BDO profits rise as firms seek Big Four alternatives

The tax advisors of accountancy firm BDO have done a fifth more work this year, it has been reported, as a result of companies turning to alternatives to the Big Four accountancy firms.

Mid-market firms, and even a number of large listed companies, seem to have foregone Deloitte, PwC, Ernst & Young, and KPMG for non-audit related services.

BDO’s UK business is growing in the tax sector, with their revenues jumping by 20 per cent in the year to 03 July, raising it to £119 million.

The managing partner of BDO, Simon Michaels, said that this big boost came from an increasing workload from mid- and large-sized companies, not just from tax reforms.

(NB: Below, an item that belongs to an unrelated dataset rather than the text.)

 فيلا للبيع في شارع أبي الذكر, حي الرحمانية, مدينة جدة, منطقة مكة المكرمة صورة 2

“We’ve definitely seen a lot more large listed companies looking for advice outside of the Big Four. Some of that’s conflict of interest driven,” he said.

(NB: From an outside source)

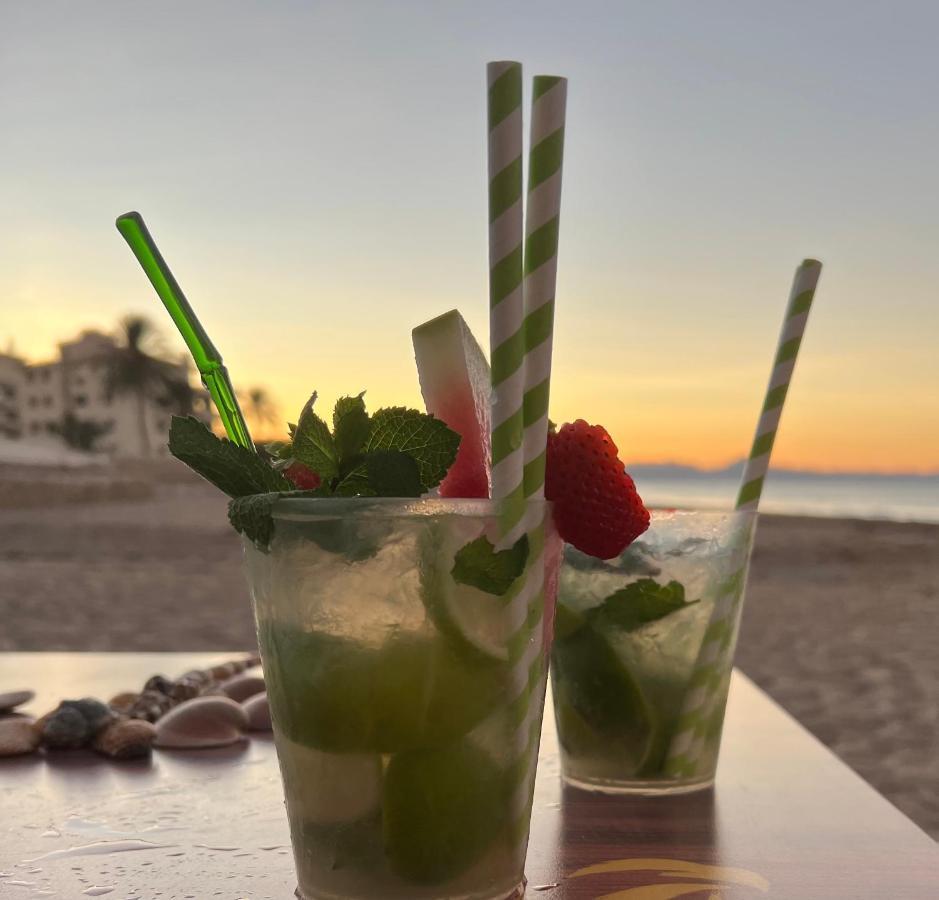 Piso Los Angeles - 1Ra Linea De Playa Denia Zewnętrze zdjęcie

Despite mainly focusing on small and mid-sized companies, BDO is not being used by a large portion of FTSE 350 companies.

Companies are beginning to check elsewhere for accounting service providers and auditors, because of new EU regulations which are to come into play which state that a public interest entity cannot stay with the same auditor for more than a decade.

Whether or not this is the cause of the change to BDO’s profits or not, the accountancy firm is expanding and reaping in more profits.